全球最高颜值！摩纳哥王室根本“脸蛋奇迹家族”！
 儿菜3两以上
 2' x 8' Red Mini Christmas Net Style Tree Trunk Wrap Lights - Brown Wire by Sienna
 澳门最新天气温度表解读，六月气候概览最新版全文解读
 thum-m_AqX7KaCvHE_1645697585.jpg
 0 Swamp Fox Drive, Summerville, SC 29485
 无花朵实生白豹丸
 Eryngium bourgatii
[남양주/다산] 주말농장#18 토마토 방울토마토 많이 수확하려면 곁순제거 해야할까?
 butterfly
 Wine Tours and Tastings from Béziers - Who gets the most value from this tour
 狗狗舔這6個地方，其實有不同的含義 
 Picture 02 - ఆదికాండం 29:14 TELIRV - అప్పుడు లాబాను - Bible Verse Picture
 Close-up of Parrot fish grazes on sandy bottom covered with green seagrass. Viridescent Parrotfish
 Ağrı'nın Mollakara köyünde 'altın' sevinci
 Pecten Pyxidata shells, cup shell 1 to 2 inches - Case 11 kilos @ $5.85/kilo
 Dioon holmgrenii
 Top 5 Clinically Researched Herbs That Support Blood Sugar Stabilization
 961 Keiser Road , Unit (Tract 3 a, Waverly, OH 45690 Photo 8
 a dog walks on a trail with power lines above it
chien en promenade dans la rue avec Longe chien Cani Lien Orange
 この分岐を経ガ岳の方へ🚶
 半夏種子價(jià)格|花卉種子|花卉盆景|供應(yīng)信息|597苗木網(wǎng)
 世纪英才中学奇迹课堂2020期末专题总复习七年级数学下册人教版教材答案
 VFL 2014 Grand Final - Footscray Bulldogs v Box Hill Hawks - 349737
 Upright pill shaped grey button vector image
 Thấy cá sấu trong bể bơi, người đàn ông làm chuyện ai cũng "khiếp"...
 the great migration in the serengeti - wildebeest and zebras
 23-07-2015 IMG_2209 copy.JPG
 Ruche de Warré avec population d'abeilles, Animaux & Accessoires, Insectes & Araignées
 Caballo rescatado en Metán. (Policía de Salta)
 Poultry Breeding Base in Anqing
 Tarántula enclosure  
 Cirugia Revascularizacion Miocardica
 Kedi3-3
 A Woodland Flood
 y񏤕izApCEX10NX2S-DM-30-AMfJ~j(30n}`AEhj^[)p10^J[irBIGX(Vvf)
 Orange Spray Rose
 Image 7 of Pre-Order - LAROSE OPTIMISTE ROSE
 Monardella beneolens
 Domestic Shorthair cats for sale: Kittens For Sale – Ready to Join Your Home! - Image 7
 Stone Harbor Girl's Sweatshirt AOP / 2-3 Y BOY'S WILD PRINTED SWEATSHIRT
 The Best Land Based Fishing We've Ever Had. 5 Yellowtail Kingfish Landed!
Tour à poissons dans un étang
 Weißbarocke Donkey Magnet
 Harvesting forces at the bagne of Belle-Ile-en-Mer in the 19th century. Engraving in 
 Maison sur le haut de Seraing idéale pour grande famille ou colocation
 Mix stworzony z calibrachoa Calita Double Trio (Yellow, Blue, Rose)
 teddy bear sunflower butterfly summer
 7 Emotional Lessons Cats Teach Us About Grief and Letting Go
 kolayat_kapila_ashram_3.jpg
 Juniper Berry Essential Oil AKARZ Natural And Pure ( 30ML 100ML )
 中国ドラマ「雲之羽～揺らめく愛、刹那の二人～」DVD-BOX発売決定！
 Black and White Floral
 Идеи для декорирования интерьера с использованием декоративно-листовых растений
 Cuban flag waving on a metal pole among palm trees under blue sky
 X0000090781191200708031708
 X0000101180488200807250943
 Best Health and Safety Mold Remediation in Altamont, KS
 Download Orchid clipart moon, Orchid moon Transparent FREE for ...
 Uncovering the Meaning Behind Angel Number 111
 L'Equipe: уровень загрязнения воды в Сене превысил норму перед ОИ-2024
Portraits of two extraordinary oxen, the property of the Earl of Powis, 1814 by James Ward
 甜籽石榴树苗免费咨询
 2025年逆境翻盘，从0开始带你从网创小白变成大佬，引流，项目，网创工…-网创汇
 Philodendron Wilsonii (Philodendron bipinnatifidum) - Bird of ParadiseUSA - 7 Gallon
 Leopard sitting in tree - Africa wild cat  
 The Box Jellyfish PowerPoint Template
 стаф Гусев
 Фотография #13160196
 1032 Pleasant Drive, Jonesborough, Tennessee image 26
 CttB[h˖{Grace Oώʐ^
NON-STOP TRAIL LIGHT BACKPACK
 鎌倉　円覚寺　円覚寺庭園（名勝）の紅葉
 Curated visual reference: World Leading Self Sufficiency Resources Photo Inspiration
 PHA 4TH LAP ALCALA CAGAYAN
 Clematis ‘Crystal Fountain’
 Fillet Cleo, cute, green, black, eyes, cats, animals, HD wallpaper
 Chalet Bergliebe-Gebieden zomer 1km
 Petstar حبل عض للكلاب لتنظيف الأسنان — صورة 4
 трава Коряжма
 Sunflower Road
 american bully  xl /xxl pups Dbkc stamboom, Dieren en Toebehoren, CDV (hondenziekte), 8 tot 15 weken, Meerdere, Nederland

—————

Write every record out again, letter for letter.

**Answer box:**
全球最高颜值！摩纳哥王室根本“脸蛋奇迹家族”！
 儿菜3两以上
 2' x 8' Red Mini Christmas Net Style Tree Trunk Wrap Lights - Brown Wire by Sienna
 澳门最新天气温度表解读，六月气候概览最新版全文解读
 thum-m_AqX7KaCvHE_1645697585.jpg
 0 Swamp Fox Drive, Summerville, SC 29485
 无花朵实生白豹丸
 Eryngium bourgatii
[남양주/다산] 주말농장#18 토마토 방울토마토 많이 수확하려면 곁순제거 해야할까?
 butterfly
 Wine Tours and Tastings from Béziers - Who gets the most value from this tour
 狗狗舔這6個地方，其實有不同的含義 
 Picture 02 - ఆదికాండం 29:14 TELIRV - అప్పుడు లాబాను - Bible Verse Picture
 Close-up of Parrot fish grazes on sandy bottom covered with green seagrass. Viridescent Parrotfish
 Ağrı'nın Mollakara köyünde 'altın' sevinci
 Pecten Pyxidata shells, cup shell 1 to 2 inches - Case 11 kilos @ $5.85/kilo
 Dioon holmgrenii
 Top 5 Clinically Researched Herbs That Support Blood Sugar Stabilization
 961 Keiser Road , Unit (Tract 3 a, Waverly, OH 45690 Photo 8
 a dog walks on a trail with power lines above it
chien en promenade dans la rue avec Longe chien Cani Lien Orange
 この分岐を経ガ岳の方へ🚶
 半夏種子價(jià)格|花卉種子|花卉盆景|供應(yīng)信息|597苗木網(wǎng)
 世纪英才中学奇迹课堂2020期末专题总复习七年级数学下册人教版教材答案
 VFL 2014 Grand Final - Footscray Bulldogs v Box Hill Hawks - 349737
 Upright pill shaped grey button vector image
 Thấy cá sấu trong bể bơi, người đàn ông làm chuyện ai cũng "khiếp"...
 the great migration in the serengeti - wildebeest and zebras
 23-07-2015 IMG_2209 copy.JPG
 Ruche de Warré avec population d'abeilles, Animaux & Accessoires, Insectes & Araignées
 Caballo rescatado en Metán. (Policía de Salta)
 Poultry Breeding Base in Anqing
 Tarántula enclosure  
 Cirugia Revascularizacion Miocardica
 Kedi3-3
 A Woodland Flood
 y񏤕izApCEX10NX2S-DM-30-AMfJ~j(30n}`AEhj^[)p10^J[irBIGX(Vvf)
 Orange Spray Rose
 Image 7 of Pre-Order - LAROSE OPTIMISTE ROSE
 Monardella beneolens
 Domestic Shorthair cats for sale: Kittens For Sale – Ready to Join Your Home! - Image 7
 Stone Harbor Girl's Sweatshirt AOP / 2-3 Y BOY'S WILD PRINTED SWEATSHIRT
 The Best Land Based Fishing We've Ever Had. 5 Yellowtail Kingfish Landed!
Tour à poissons dans un étang
 Weißbarocke Donkey Magnet
 Harvesting forces at the bagne of Belle-Ile-en-Mer in the 19th century. Engraving in 
 Maison sur le haut de Seraing idéale pour grande famille ou colocation
 Mix stworzony z calibrachoa Calita Double Trio (Yellow, Blue, Rose)
 teddy bear sunflower butterfly summer
 7 Emotional Lessons Cats Teach Us About Grief and Letting Go
 kolayat_kapila_ashram_3.jpg
 Juniper Berry Essential Oil AKARZ Natural And Pure ( 30ML 100ML )
 中国ドラマ「雲之羽～揺らめく愛、刹那の二人～」DVD-BOX発売決定！
 Black and White Floral
 Идеи для декорирования интерьера с использованием декоративно-листовых растений
 Cuban flag waving on a metal pole among palm trees under blue sky
 X0000090781191200708031708
 X0000101180488200807250943
 Best Health and Safety Mold Remediation in Altamont, KS
 Download Orchid clipart moon, Orchid moon Transparent FREE for ...
 Uncovering the Meaning Behind Angel Number 111
 L'Equipe: уровень загрязнения воды в Сене превысил норму перед ОИ-2024
Portraits of two extraordinary oxen, the property of the Earl of Powis, 1814 by James Ward
 甜籽石榴树苗免费咨询
 2025年逆境翻盘，从0开始带你从网创小白变成大佬，引流，项目，网创工…-网创汇
 Philodendron Wilsonii (Philodendron bipinnatifidum) - Bird of ParadiseUSA - 7 Gallon
 Leopard sitting in tree - Africa wild cat  
 The Box Jellyfish PowerPoint Template
 стаф Гусев
 Фотография #13160196
 1032 Pleasant Drive, Jonesborough, Tennessee image 26
 CttB[h˖{Grace Oώʐ^
NON-STOP TRAIL LIGHT BACKPACK
 鎌倉　円覚寺　円覚寺庭園（名勝）の紅葉
 Curated visual reference: World Leading Self Sufficiency Resources Photo Inspiration
 PHA 4TH LAP ALCALA CAGAYAN
 Clematis ‘Crystal Fountain’
 Fillet Cleo, cute, green, black, eyes, cats, animals, HD wallpaper
 Chalet Bergliebe-Gebieden zomer 1km
 Petstar حبل عض للكلاب لتنظيف الأسنان — صورة 4
 трава Коряжма
 Sunflower Road
 american bully  xl /xxl pups Dbkc stamboom, Dieren en Toebehoren, CDV (hondenziekte), 8 tot 15 weken, Meerdere, Nederland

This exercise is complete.